O
VELHO PROFESSOR
Andava muito doente
o velho professor...
Por isso, ele não
tinha agora o mesmo ardor,
que outrora o
possuía e que o animava dantes.
Às vezes, quando em
aula, havia mesmos instantes
em que inclinava a
fronte (aquela fronte austera
onde já desbotara a
flor da primavera)
e cochilava um
pouco, involuntariamente.
O velho professor
andava muito doente.
Era, porém, tamanho
o bem que nos queria
que jamais quis
pedir aposentadoria
e manter-se do
Estado, à custa dessa esmola.
Era sempre o
primeiro a aparecer, na escola,
com joviais
maneiras, tão simpáticas,
não obstante sentir
umas dores reumáticas
que o faziam sofrer
muito, ultimamente.
O velho professor
andava muito doente...
Um dia ele chegou
mais tarde, alguns momentos.
Trazia nas feições
sinais de sofrimentos...
A palidez do rosto,
os olhos encovados
denunciavam seus
pesares ignorados.
E, como para tornar
a dor mais manifesta,
cravara-se-lhe
fundo uma ruga na testa.
Franzia-lhe o rosto
uma expressão de dor,
Andava muito doente
o velho professor.
A aula
começou... mas, pouco depois das onze,
o velho
mestre, o bom trabalhador de bronze,
(que já perto
de trinta anos ou mais, havia
que -
gigantesco herói - lutava dia a dia,
para a glória da
pátria e para o bem da infância,
dando batalha ao
vício e combate a ignorância)
sentindo de uma dor
os agudos abrolhos,
curvou as nobres
cãs, cerrou de leve os olhos.
Fora fulgia o sol.
A manhã era calma.
Sorrindo, a
natureza abria a sua alma
repleta de alegrias
e cheia de esplendores.
Pela janela aberta,
entrava o hálito das flores;
em toda a atmosfera
azul, lavada e fina,
ressoava baixinho,
assim como em surdina,
um canto celestial,
harmonioso e suave,
anjos tocando, em
harpa, alguma canção de ave.
Nisto ergueu-se um
aluno, um pândego, um peralta
fabricou de um
jornal um chapé de copa alta,
e bem devagarinho
(oh! que idéia travessa)
chegou-se ao mestre...
zás! enfiou-lhe na cabeça.
E rápido se foi de
novo ao seu lugar.
O mestre nem abriu
o sonolento olhar.
E aquele aspecto
vil de truão de improviso,
rebentou pela aula
estardalhante riso.
De súbito, surgiu o
diretor, na aula...
esmudou-se lhe o gesto,
estremeceu a fala,
quando ele,
transformando a sua mansidão de boi
em fúria de leão
nos perguntou: "Quem foi?
Quem foi esse vilão
que fez tal brejeirice,
sem respeito nenhum
às cãs desta velhice?
Vamos lá!

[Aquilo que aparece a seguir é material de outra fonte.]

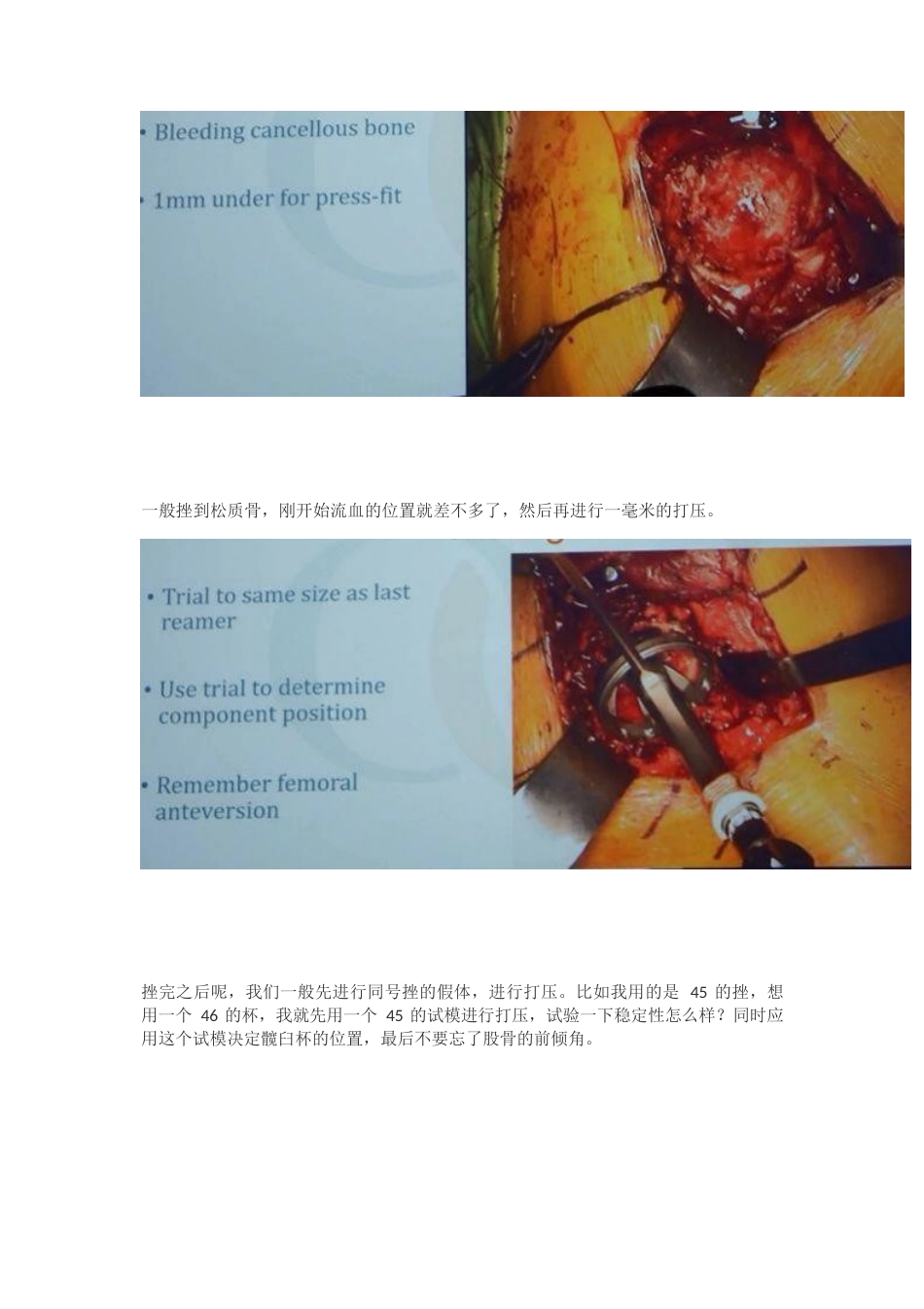 髋关节置换手术中如何做一个好的髋臼_第5页
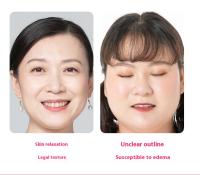 Eléctrico de papada y Máquina V-face dispositivo con 4 Modos Y 3 engranes de intensidad ajustable - Máquina intelente de papada para V-face/Gift de Navidad - details 12
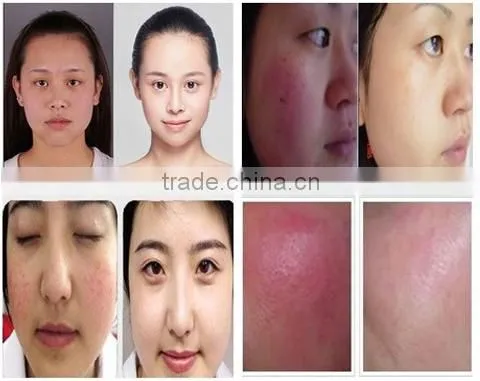 JMSHR hot promotion diode laser vascular removal device for beauty salon use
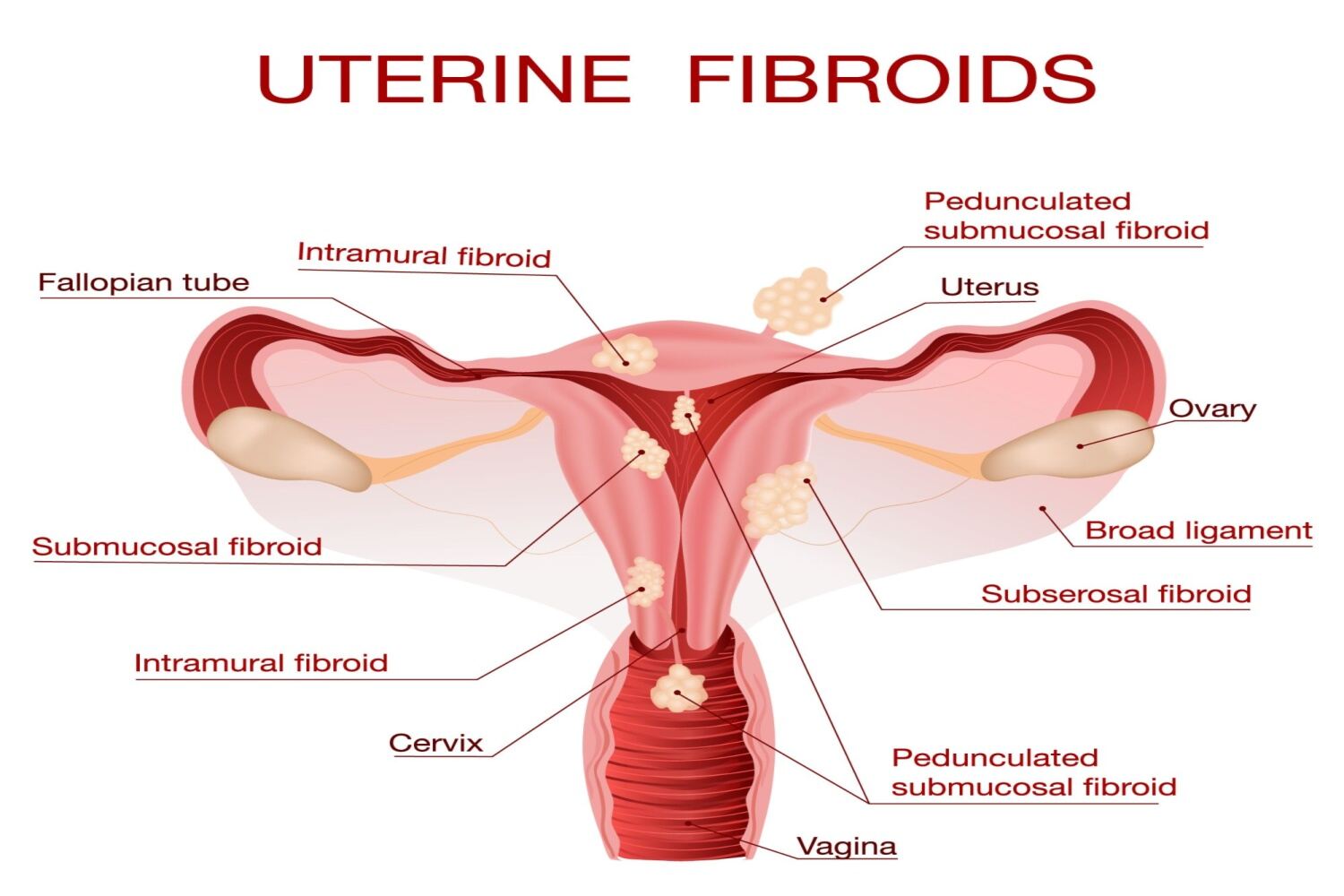 What Are The Types Of Fibroids During Pregnancy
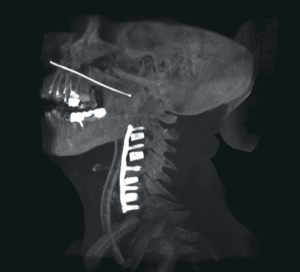 cervicalspine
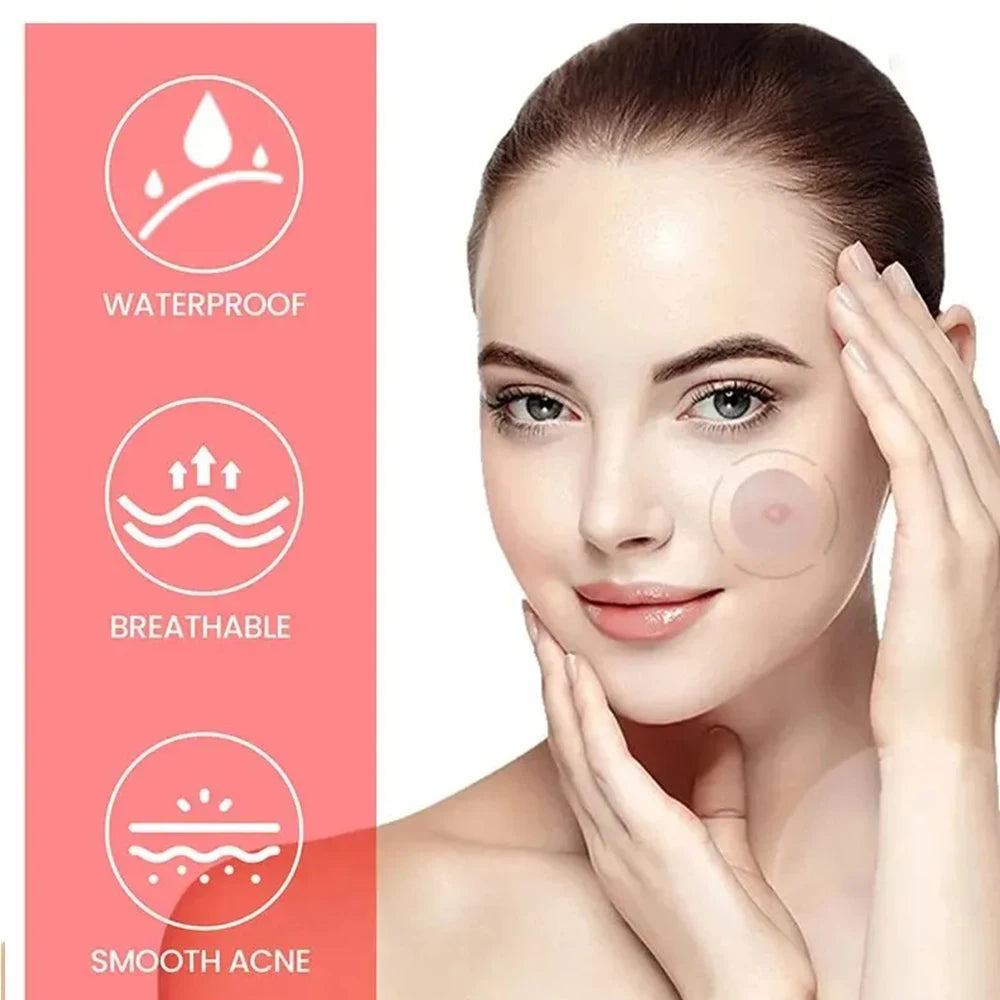 200pcs Acne Pimple Repair Patches | Fade Blemishes & Cover Spots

Sede
leais, verdadeiros e francos,
dizei: quem ofendeu
estes cabelos brancos?"
Mas ninguém
denunciou da brincadeira o autor!
Como um clown
dormia o velho professor!
O diretor, então,
chegou-se junto à mesa...
Via-se-lhe no
rosto, o incômodo, a surpresa,
de que o sono do
mestre assim se prolongasse.
Curvou-se
meigamente e levantou-lhe a face.
Mas recuou
tremendo, aterrado, absorto,
aniquilado e
mudo... O Mestre estava morto.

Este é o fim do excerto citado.